Ao contrário do que foi noticiado pelos EUA, o líder do Talebã no Paquistão, Baitullah Mehsud, estaria vivo, segundo disse neste sábado um dos chefes do grupo, o comandante Hakimullah Mehsud. Os EUA haviam declarado que tinham cada vez mais indícios de que uma operação militar americana teria matado Baitullah.

Mas Hakimullah, que ocupa um alto posto na hierarquia do grupo e estaria cotado segundo algumas fontes para assumir sua liderança, disse à BBC que estes relatos seriam "ridículos".

"As notícias sobre nosso respeitado chefe é propaganda de nossos inimigos", disse ele.
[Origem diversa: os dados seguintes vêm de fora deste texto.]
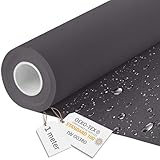 DreamRoots Segeltuch Wasserdicht - Polsterstoff Meterware 160 cm breit - Wasserabweisender Stoff 220 g/m2 600D - Markisenstoff Wasserdicht Meterware Holzkohle 1M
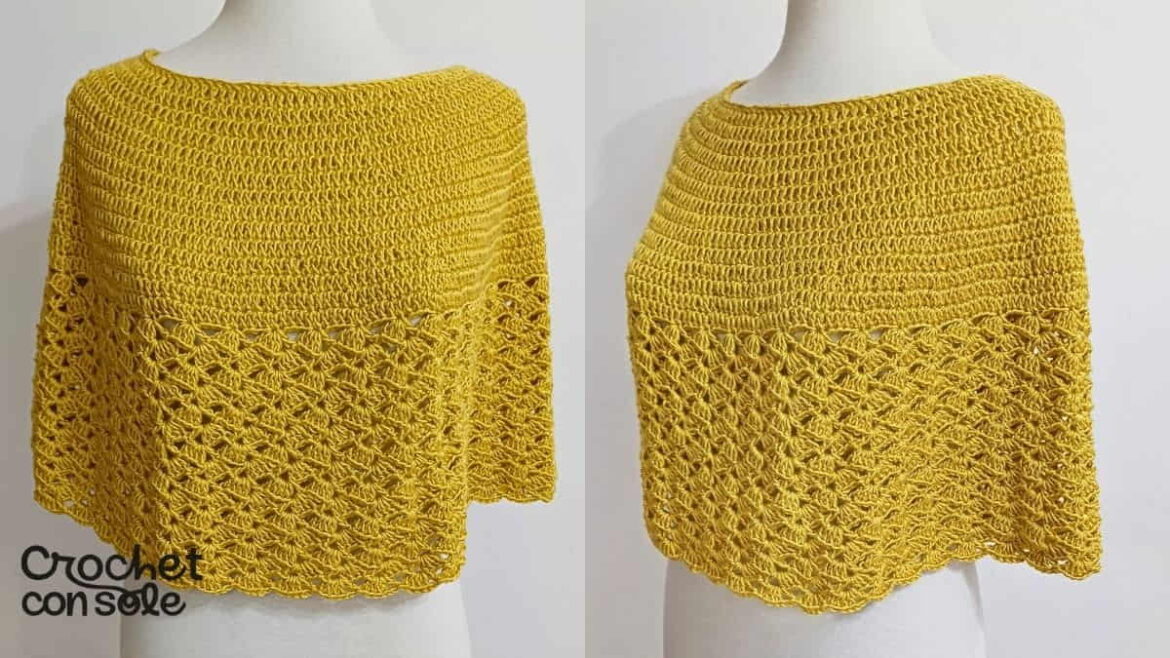 Capa a crochet fácil y sin costuras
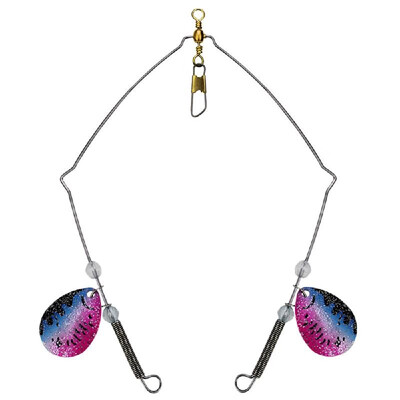 

Anti-tangle Steel Wire Balance Bracket Sea Fishing String Rig with Swivel Sequins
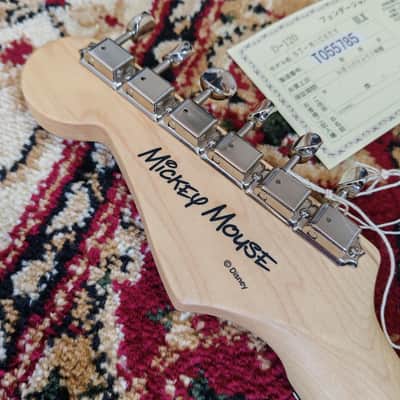 *NEW OLD STOCK* 2010 Fender Japan Disney Official Mickey Mouse Stratocaster ST-Mickey D-120, 1 of 100, MIJ image 17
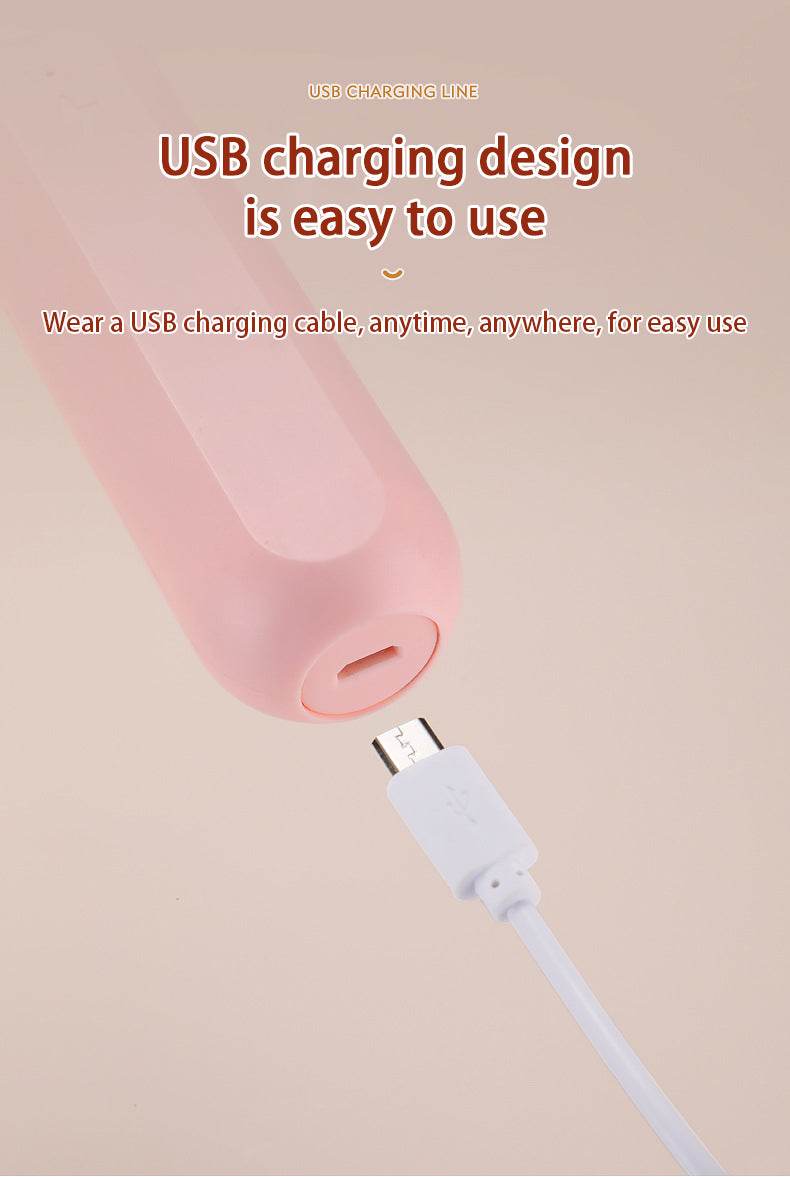 Hand-held Electric Whisk Household Baking Cake Egg White Whisk Small Straight Handle Whisk Wireless Whisk - Mubimart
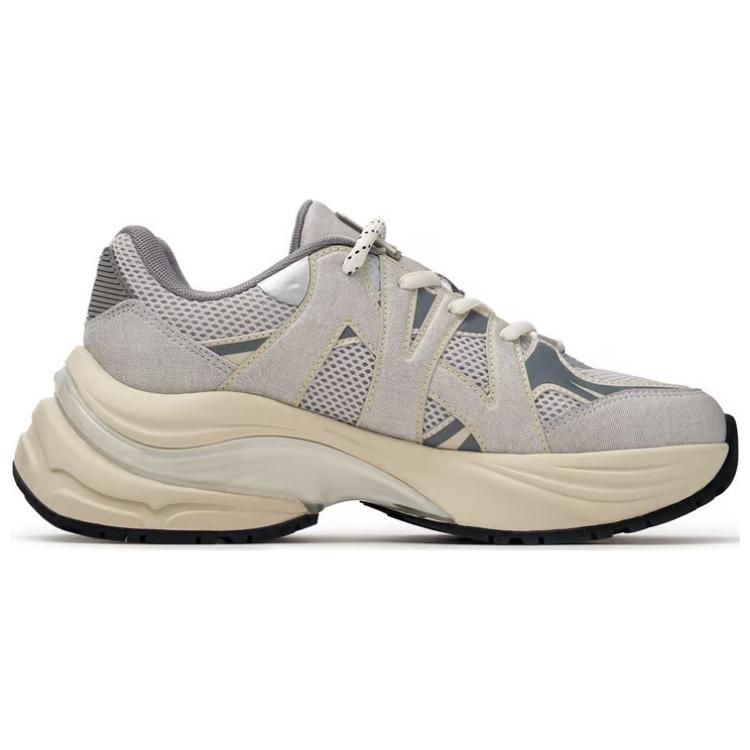 MLB Slip Resistant Abrasion Resistant Slip Resistant Abrasion Resistant Low top Running Shoes Unisex Gray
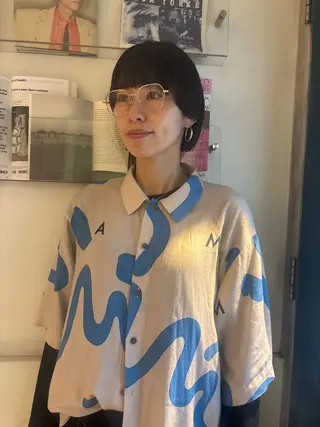 ショート saya/似合わせ /透明感カラーのヘアスタイル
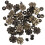 20Sets Durable Dark Brown Zinc Alloy Snap Buttons for Wallets 7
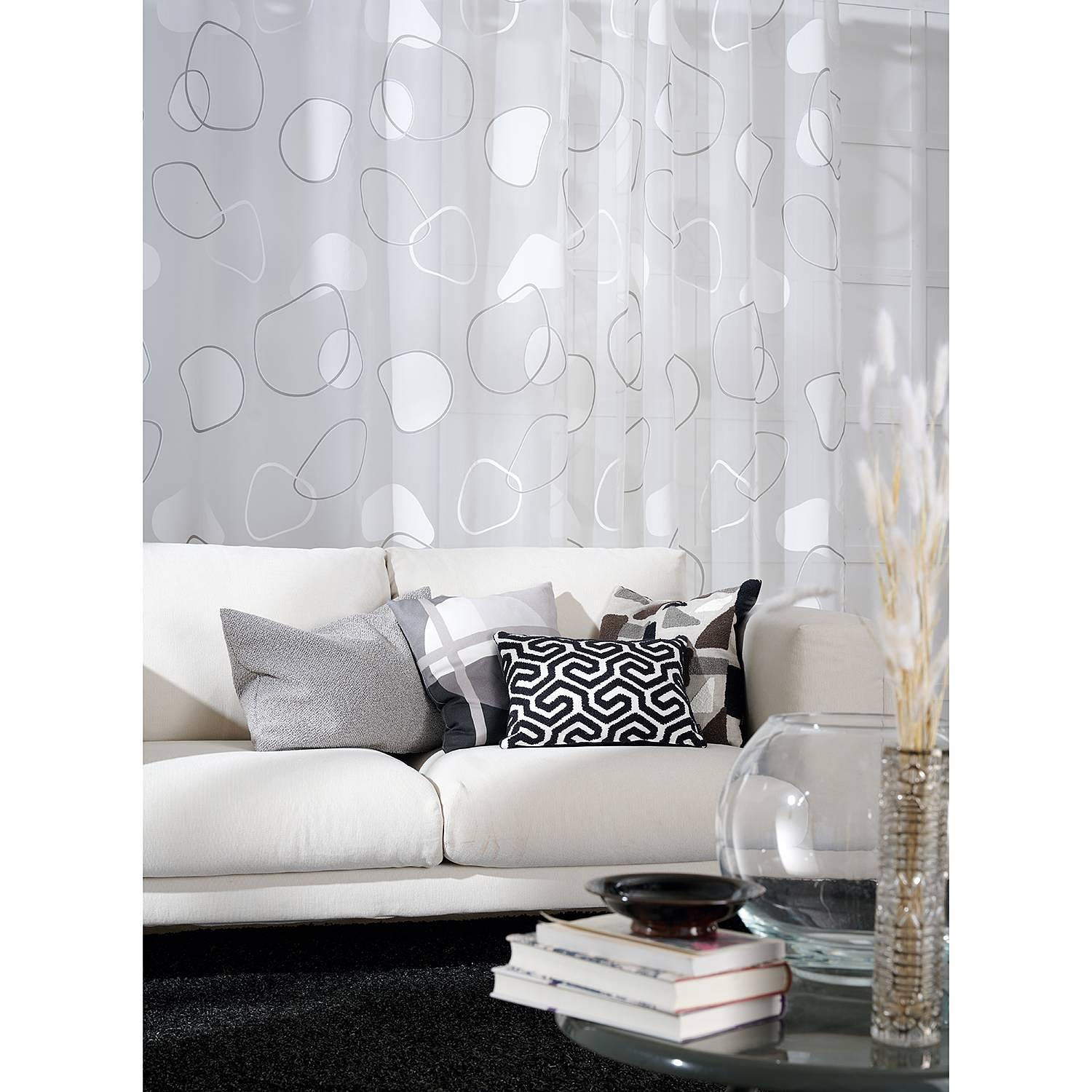 Tony II Kissenbezug Polyester Lichtgrau 2
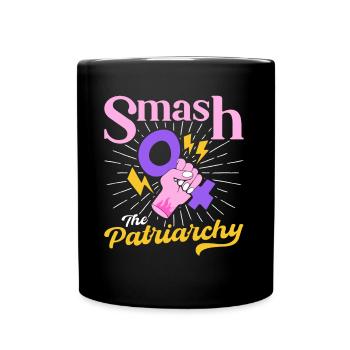 Égalité féministe des genres F - Mug uni - noir - Devant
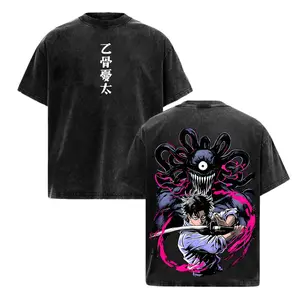 Yuta Okkotsu Vintage Washed Oversized Graphic Tee Heavy Cotton Jujutsu Kaisen Shirt JJK Anime Streetwear Men Women Culling Game Prelude Movie Edition Rika Cursed Spirit Merch Japanese Manga Cosplay Apparel Hypebeast Fashion Trendy TikTok Y2K Clothes!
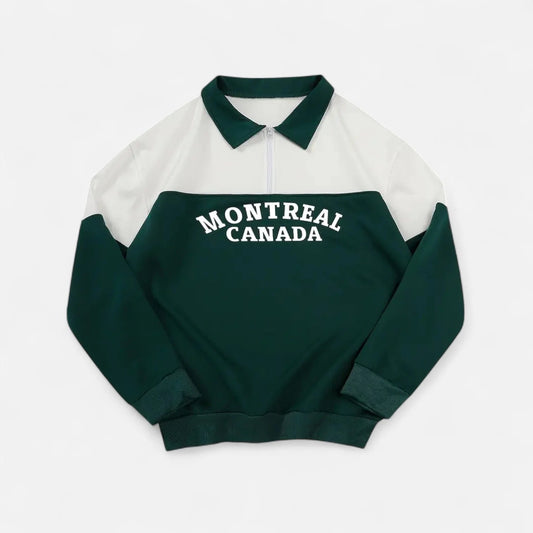 Montreal Canada Collar Sweater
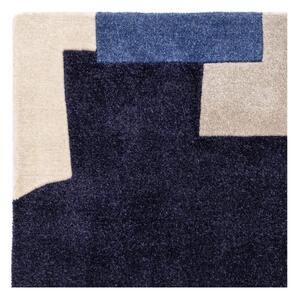 Plavi ručno rađen tepih od recikliranih vlakna 120x170 cm Romy – Asiatic Carpets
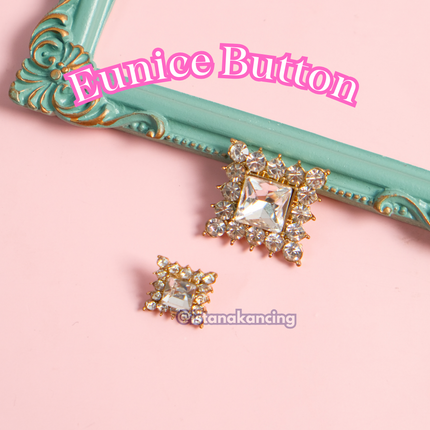 Eunice Rhinestone Button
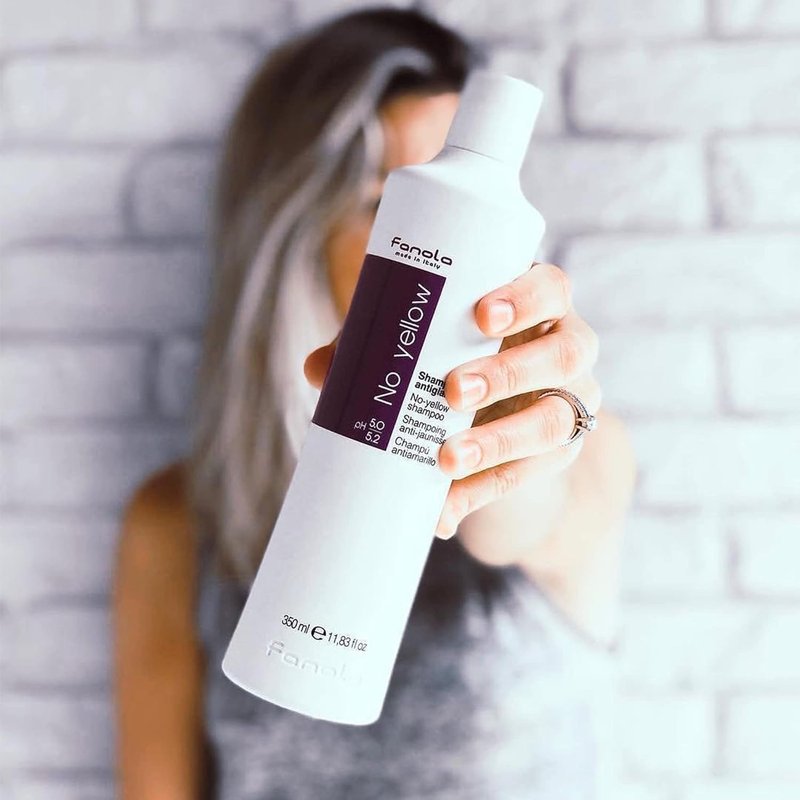 Fanola No Yellow Shampoo - Anti Brass Purple Toner for Blonde & Damaged Hair | 33.8 oz & Conditioner 2-Pack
Mas nem americanos nem o Talebã forneceram evidências de que Baitullah estaria vivo ou morto.

Reduto
Hakimullah disse que Baitullah decidiu adotar a tática usada por Osama Bin Laden e permanecer em silêncio mas que o líder iria divulgar uma mensagem nos próximos dias.

"Sabemos o que nossos inimigos desejam, que nosso chefe saia ao ar livre para que eles o possam alvejar", disse Hakimullah.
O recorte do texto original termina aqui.